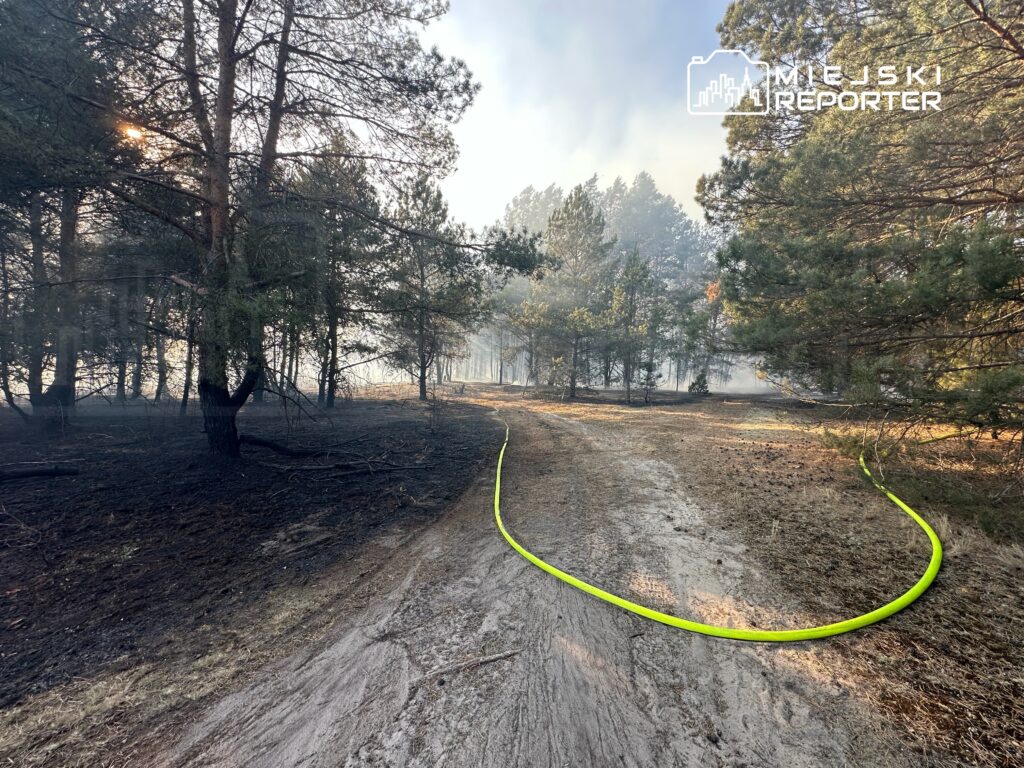 W lesie widać dym unoszący się nad wypaloną ziemią, a na drodze leży żółta wąż strażacki.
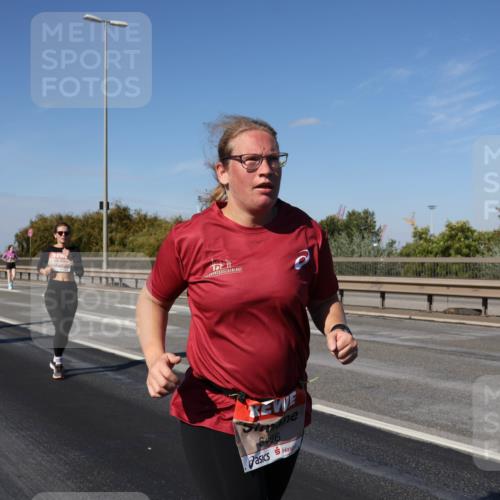 03.10.2025 - Köhlbrandbrückenlauf Julia Fischer http://msf.ph/oto/9015687 03.10.2025 13:14:26 Position 3 6486 meine-sportfotos.de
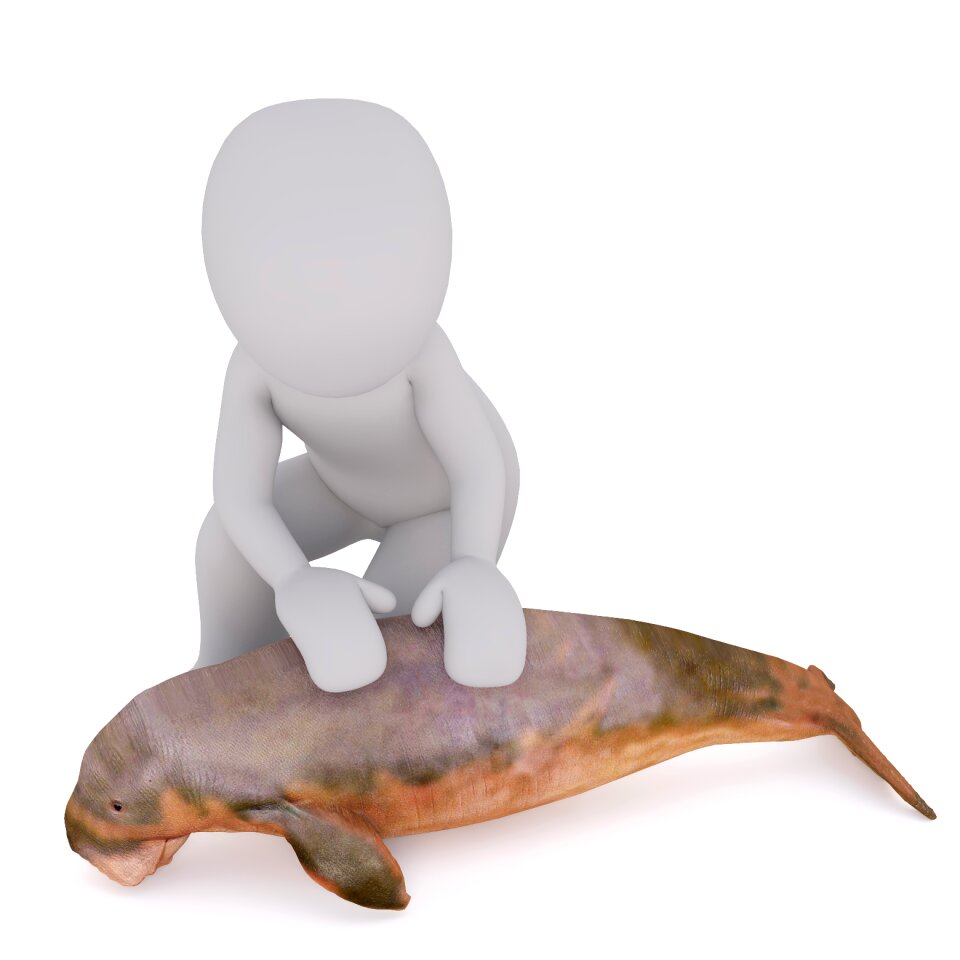 3d model full body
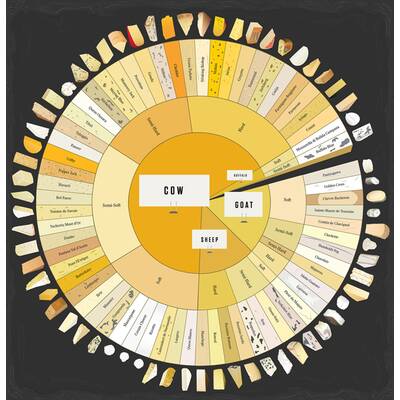 Geniales Schaubild erklärt die Käsewelt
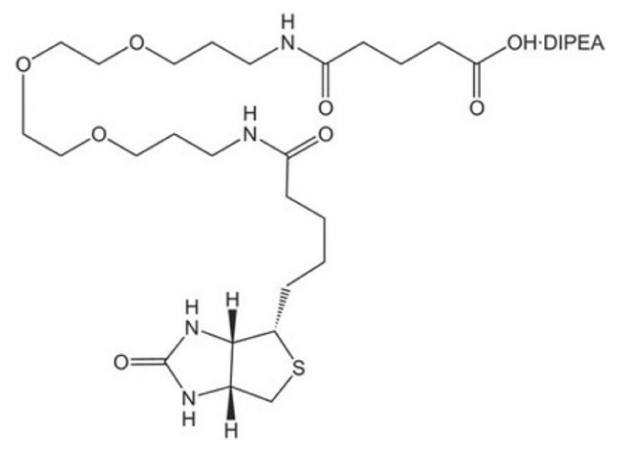 Black-and-white structure of N-Biotinyl-NH-(PEG)₂-COOH showing bicyclic biotin core linked to PEG chain with amines and terminal carboxylic acid group.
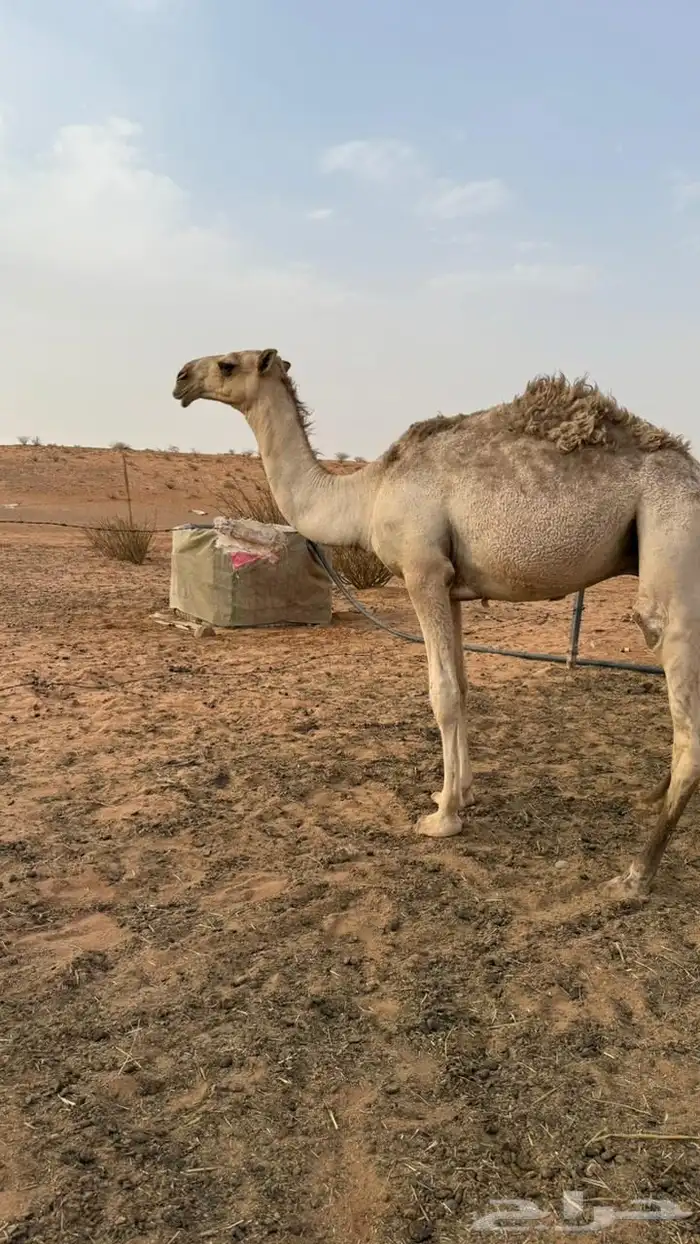 قعود للبيع 0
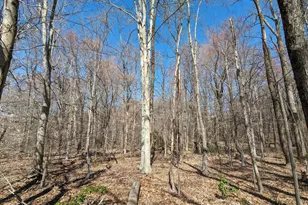 Danville Rd, Brandywine, MD 20613 - Photo 1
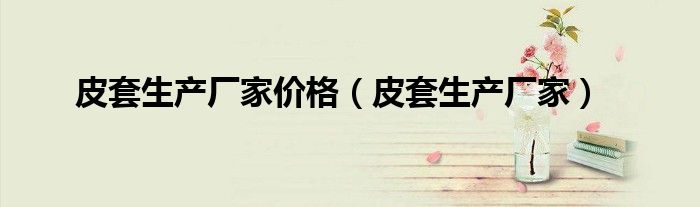 皮套生產(chǎn)廠家價格（皮套生產(chǎn)廠家）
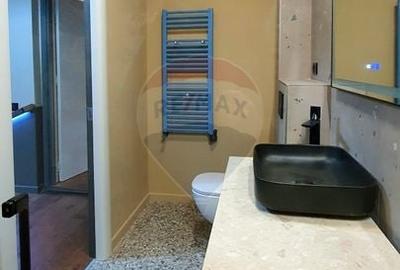 Vila de vanzare in zona Piata Alba Iulia - 34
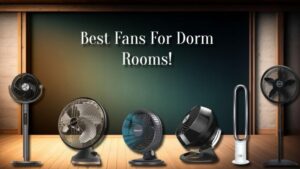 Best Fans For Dorm Rooms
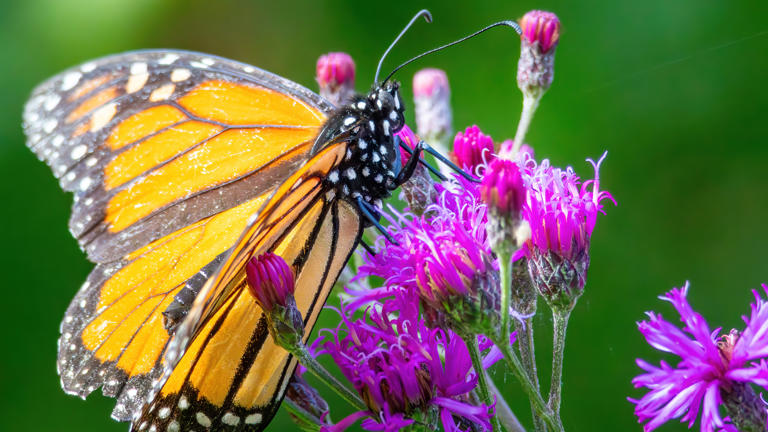 7 Reasons You Need Binoculars: From Soaring Eagles To Roaring Avalanches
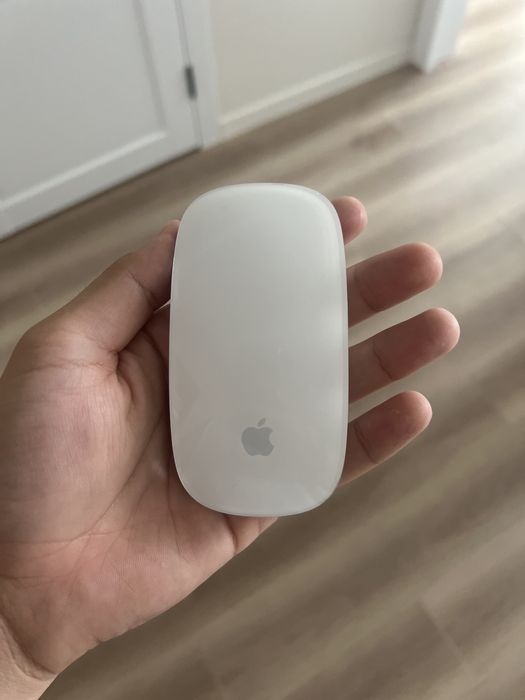 Apple Magic Mouse 1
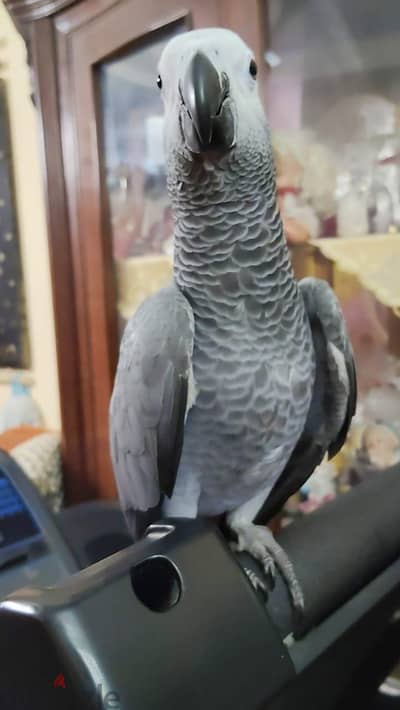 ببغاء زنجبارى تفريخ مصرى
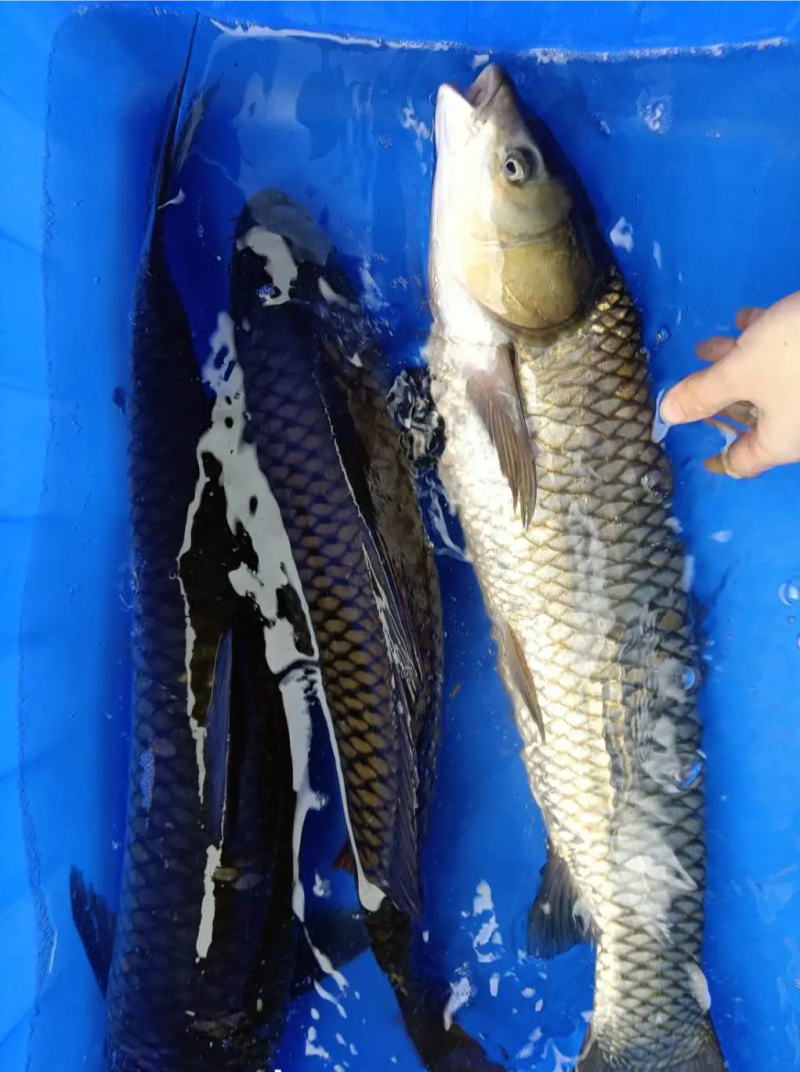 大草鱼，皮毛一流！！！！！！！！！！！！！！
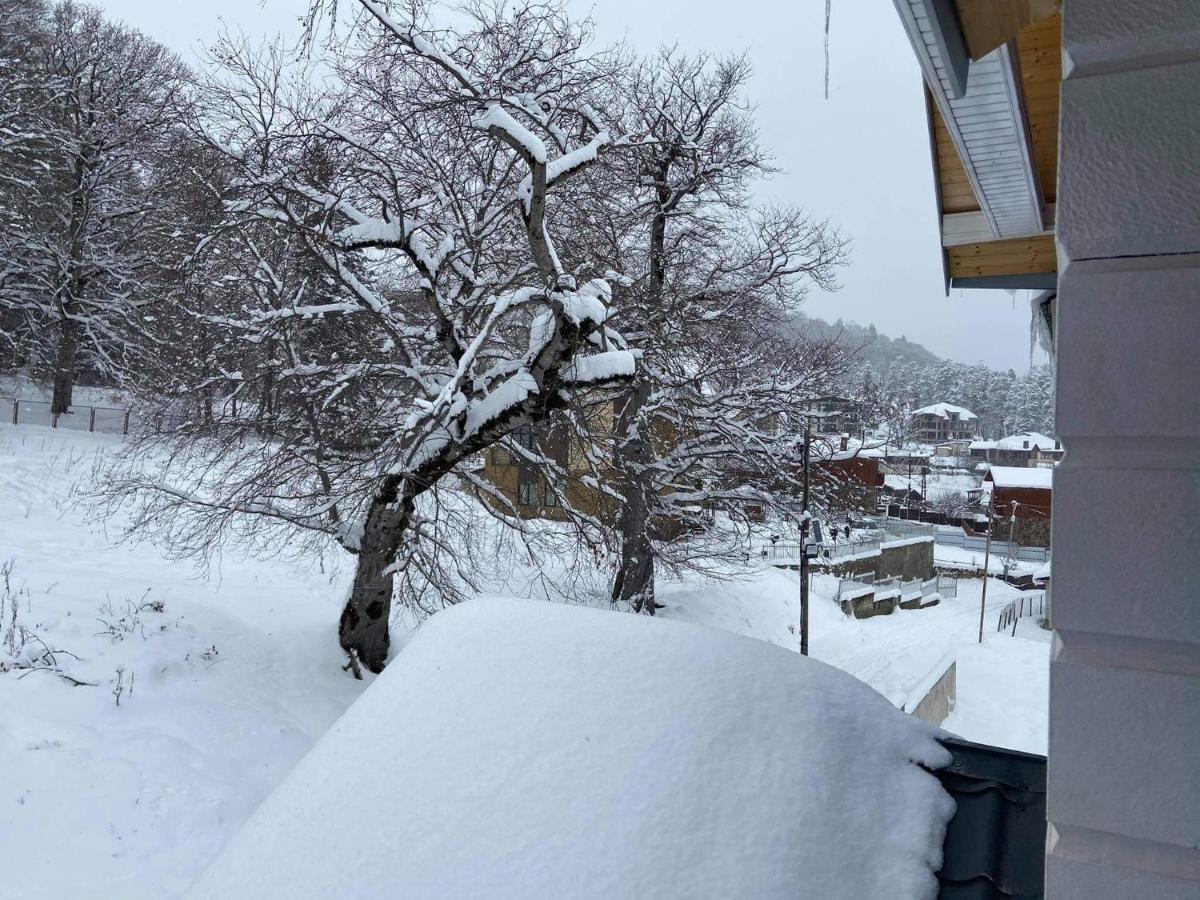 Blue Heaven Otel Bakuriani Dış mekan fotoğraf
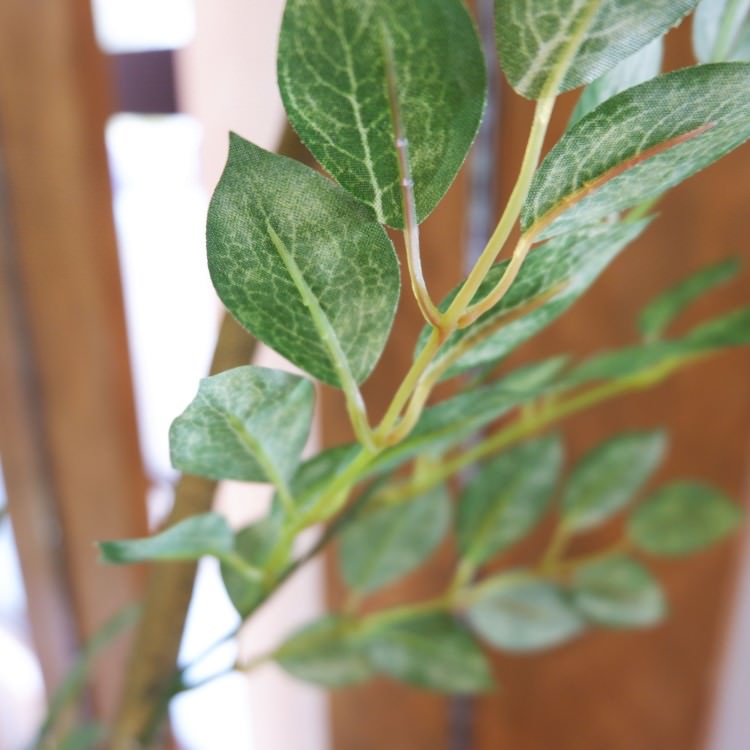 �ȥͥꥳ 180cm��GLP-1497 �����ƥ��ե�����륰�꡼�� �͹����տ�ʪ ���꡼��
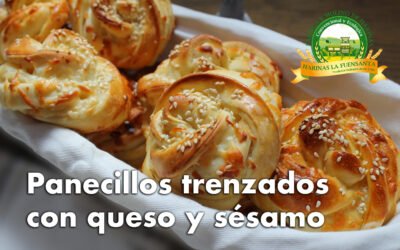 Panecillos trenzados con queso y sésamo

━━━

**Problem requirements:** Reproduce each line of the records above, exactly and without pictures.

**Exercise solution:**
 W lesie widać dym unoszący się nad wypaloną ziemią, a na drodze leży żółta wąż strażacki.
 03.10.2025 - Köhlbrandbrückenlauf Julia Fischer http://msf.ph/oto/9015687 03.10.2025 13:14:26 Position 3 6486 meine-sportfotos.de
 3d model full body
 Geniales Schaubild erklärt die Käsewelt
 Black-and-white structure of N-Biotinyl-NH-(PEG)₂-COOH showing bicyclic biotin core linked to PEG chain with amines and terminal carboxylic acid group.
 قعود للبيع 0
 Danville Rd, Brandywine, MD 20613 - Photo 1
 皮套生產(chǎn)廠家價格（皮套生產(chǎn)廠家）
 Vila de vanzare in zona Piata Alba Iulia - 34
 Best Fans For Dorm Rooms
 7 Reasons You Need Binoculars: From Soaring Eagles To Roaring Avalanches
 Apple Magic Mouse 1
 ببغاء زنجبارى تفريخ مصرى
 大草鱼，皮毛一流！！！！！！！！！！！！！！
 Blue Heaven Otel Bakuriani Dış mekan fotoğraf
 �ȥͥꥳ 180cm��GLP-1497 �����ƥ��ե�����륰�꡼�� �͹����տ�ʪ ���꡼��
 Panecillos trenzados con queso y sésamo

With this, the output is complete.